Last week was AMEC’s International Measurement Week, and to honor it, we reached out to some of the top measurement experts to get their take on measurement dos and don’ts, common mistakes, and how they found themselves a member of the Measurati. We got such an enthusiastic response that we’re extending our celebration to include all their answers. We’ll be running their answers all this week, and be sure to check out our latest newsletter for measurement insights from 11 other experts in the field.
Let’s hear from today’s featured expert, Mark Weiner, CEO of PRIME Research North America. Weiner was also CEO of Delahaye and was SVP of global research at Ketchum. He is also the author of Unleashing the Power of PR.
What is your “measurement moment,” the time you knew your career was becoming measurement-focused?
My first affirmation in the research and measurement field was when I created the company which later became known as Delahaye Medialink. Medialink Research was an organization that began with one person – me – and evolved to more than 100 through organic growth and acquisition to become one of the best known and most highly respected research-based consultants in public relations. Many of my colleagues at Delahaye Medialink now lead top research firms and agency research groups which is another great career affirmation.
Based on our success at Medialink Research and then Delahaye Medialink, I realized my ability to create, develop and advance a research and measurement business. Now, as the CEO of PRIME Research LP, I’ve been given a second opportunity to work with smart associates and innovative clients to build a strong global position among research providers. While considerable time has passed since my “measurement moment,” I continue to offer gratitude for the opportunities presented to me by my colleagues, clients and peers.
What is your proudest measurement moment?
Through the good works of my colleagues and the clients we share, the quality of PRIME’s work is consistently represented by professional awards and recognition which is always a source of pride. But a recent experience comes to mind: At the end of August, I led two-day PR research seminar to some of Peru’s top communicators at the Universidad de San Martín de Porres in Lima. Following the second day, a student approached me to say that while she learned about PR research during her graduate studies, the subject never made sense until our class. Maybe not my greatest accomplishment but one special moment among so many I’ve enjoyed.
What is your most important piece of measurement advice?
“Begin simply but simply begin.”
What’s the most common measurement mistake you encounter?
“Conventional Wisdom” is the biggest obstacle to change, including the positive changes represented by research-based public relations. It’s a mistake to believe the conventional wisdom that PR can’t be measured; that PR measurement is too complicated; or that PR measurement is too expensive. What really obstructs the PR measurement movement? Unwillingness (not inability).
Tell us a breakthrough story, in which you took your client from metrics to KPIs.
MasterCard is one of PRIME’s most visible and innovative clients. When our partnership began in 2012, the focus was volume and data. Over time, our relationship and shared vision evolved to one focused on insights rather than data. Last year, PRIME’s social media analysis helped MasterCard recognize and overcome market concerns about mobile payments.
In year one, our research adapted social media conversations and analytics for problem detection research.
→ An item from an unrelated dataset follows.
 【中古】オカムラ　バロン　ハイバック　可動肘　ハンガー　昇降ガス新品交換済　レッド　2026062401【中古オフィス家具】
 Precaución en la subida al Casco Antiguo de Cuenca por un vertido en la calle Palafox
Once marketplace concerns were identified through social media analysis and verified through a survey, the findings were adopted throughout the MasterCard organization to refocus advertising, marketing, product development and, last but not least, corporate communication to overcome market concerns. In our second year of the study, we found that marketplace concerns disappeared due, in large part, to the efforts triggered by PRIME’s research. When PRIME helps clients go beyond PR to inform better business-wide decision-making, it’s a very good day. And, thanks to PRIME’s expert systems and talent, exceptional days are no longer the exception.
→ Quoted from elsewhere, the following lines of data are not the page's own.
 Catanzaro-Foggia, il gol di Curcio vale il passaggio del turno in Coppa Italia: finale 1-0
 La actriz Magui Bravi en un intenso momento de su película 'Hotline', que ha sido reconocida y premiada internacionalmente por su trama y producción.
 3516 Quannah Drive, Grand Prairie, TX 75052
What do you see as measurement’s biggest challenge ahead?
PR research, measurement and evaluation occupy their third stage: The first phase was human-based content analysis. It was accurate and insightful but slow. The second phase represented a rapid swing towards automated systems which were fast and consistent (useful for the torrent of content originating through social channels) but content was irrelevant, data were inaccurate and the findings were flawed.
Now, at the cusp of third wave, research firms like PRIME combine the speed and consistency of technology with the relevancy, accuracy and insights offered only through human expertise. The next big challenge is already here: more and more, research consumers feel trapped by their legacy investments in automated systems when their aspirations have grown beyond the limitations of what pure technology can provide creating a demand for a delicate balance of assets. “Talent, technology and tools” are the future.
Bonus question: You just won the lottery. What’s your dream job?
I love my job. Plus, I’m a stats guy: I can’t justify the odds for playing the lottery.